Askeri darbelerden alışık olduğumuz hazırlıklara benzer kendi sivil darbelerinin ön hazırlıklarını yapıyorlardı!
Dava açtılar. Olmadı. Yargılananların tümü iki kez beraat etti. Yargıya müdahale ettiler, aynı iddianame ve iddialarla bu kez müebbetler, onlarca yıllık cezalar verdiler. Çünkü muktedirler hükmünü vermişti, bu topraklarda “ayakların baş olmasına izin verilmeyecekti”!
Ancak ne yaparlarsa yapsınlar milyonların eseri GEZİ’Yİ hafızlarımızdan silmeye, GEZİ’NİN değerlerini, ruhunu yok etmeye güçleri yetmedi, yetmeyecek!

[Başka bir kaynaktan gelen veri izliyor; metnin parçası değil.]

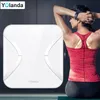 Freeshipping Smart Weight Body Fat Scale Balance Digital Badrum Vägning BMI Vågar Golv Hushålls elektronisk Bluetooth Skala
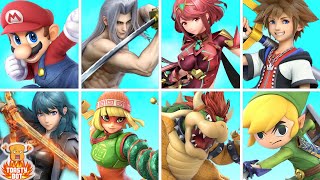 Super Smash Bros Ultimate  All Characters Taunts Animations  DLC Included  Toasty Bot [upl. by Angid]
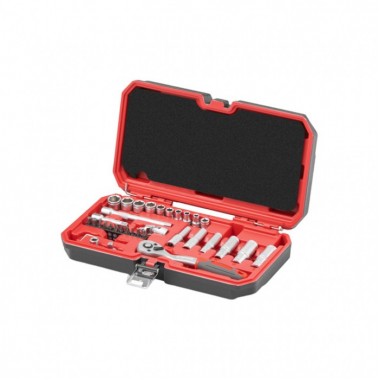 Набор инструментов 1/4" 36ед INTERTOOL ET-9036 в кейсе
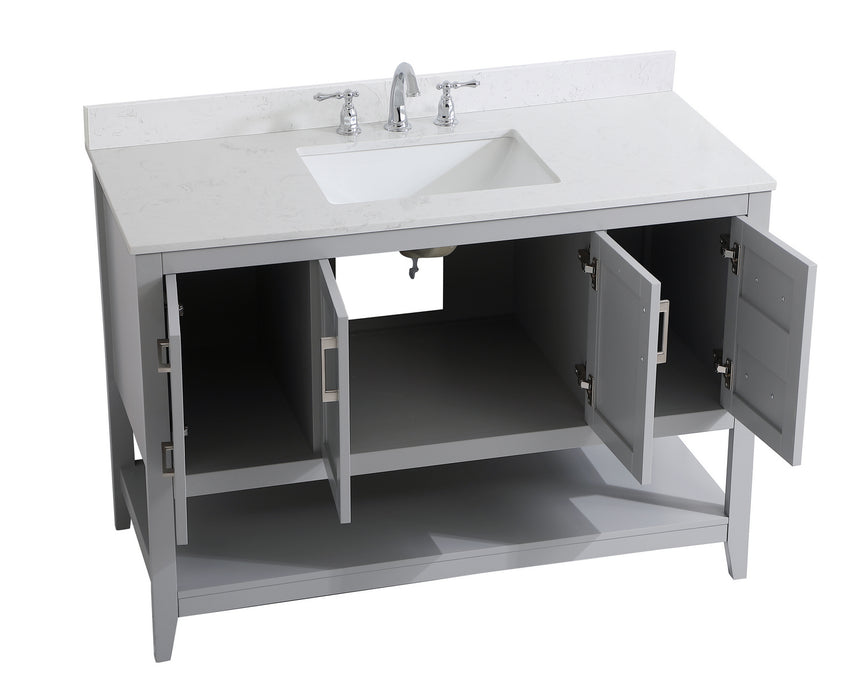 Elegant Lighting VF16048GR-BS Bathroom Vanity Set, Grey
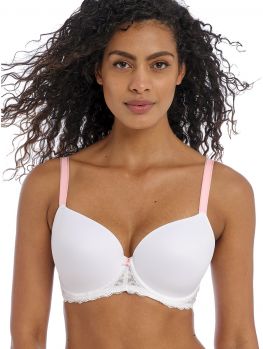 Sujetador con relleno fino, color blanco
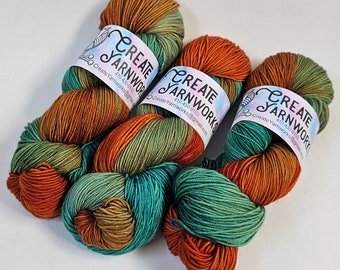 Tortoise Shell in 100% Superwash Merino Fingering Weight Yarn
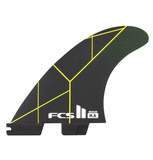 FCS II KA PC Large Black/Acid Tri Retail Fins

Gezi; yalanlarla, iftiralarla, karalanamaz. Gezi memleket sevgisidir. Memleketi “paradan puldan” ibaret görenler vatan toprağına “satılık arsa” gözüyle bakanlar ne geziyi anlayabilirler nede bizim gezi mücadelemizi sorgulayabilirler. Bizler ülkemizin dağını, taşını, toprağını, ırmağının akışını gerçekten ama gerçekten sevenleriz.
Sevip koruyanlarız. Bizim yurt sevgimiz, şiirlerin mısralarında, türkülerin tekrarında saklı kalmayıp yaşamın her alanında pratik mücadelelerimizle ortaya koyduğumuz gerçek sevgidir. Bu nedenle, milyonların demokrasiye, adalete, özgürlüğe, insanca yaşamaya olan özlemi sürdükçe GEZİ hep yaşayacak.
Sevgili Basın Emekçileri, Sevgili Dostlar, Yine bundan 11. Yıl önce özellikle Hopa Artvin ve Rize’den başlayarak tüm Karadeniz’de ve ülkemizde derelerimize, ormanlarımıza ve yaşam alanlarımıza yönelik talan ve rant politikalarını yıllardır karşı çıkıp mücadele yürüten öğretmen Metin LOKUMCU’nun 31 Mayıs 2011 tarihinde bir seçim sürecinde Cumhur Başkanı Sayın Recep Tayyip ERDOĞAN Hopa ziyaretinde tüm Hopa’lıların, Artvinlilerin, Rizelilerin hatta Karadeniz’in sorunlarını Cumhur Başkanına ve kamu oyuna duyurmak için yapılan basın açıklamasında, polisin şiddet ve gaz kullanarak halkı dağıtması sırasında gaz bombasının etkisiyle kalp krizi geçirerek ölmüştü.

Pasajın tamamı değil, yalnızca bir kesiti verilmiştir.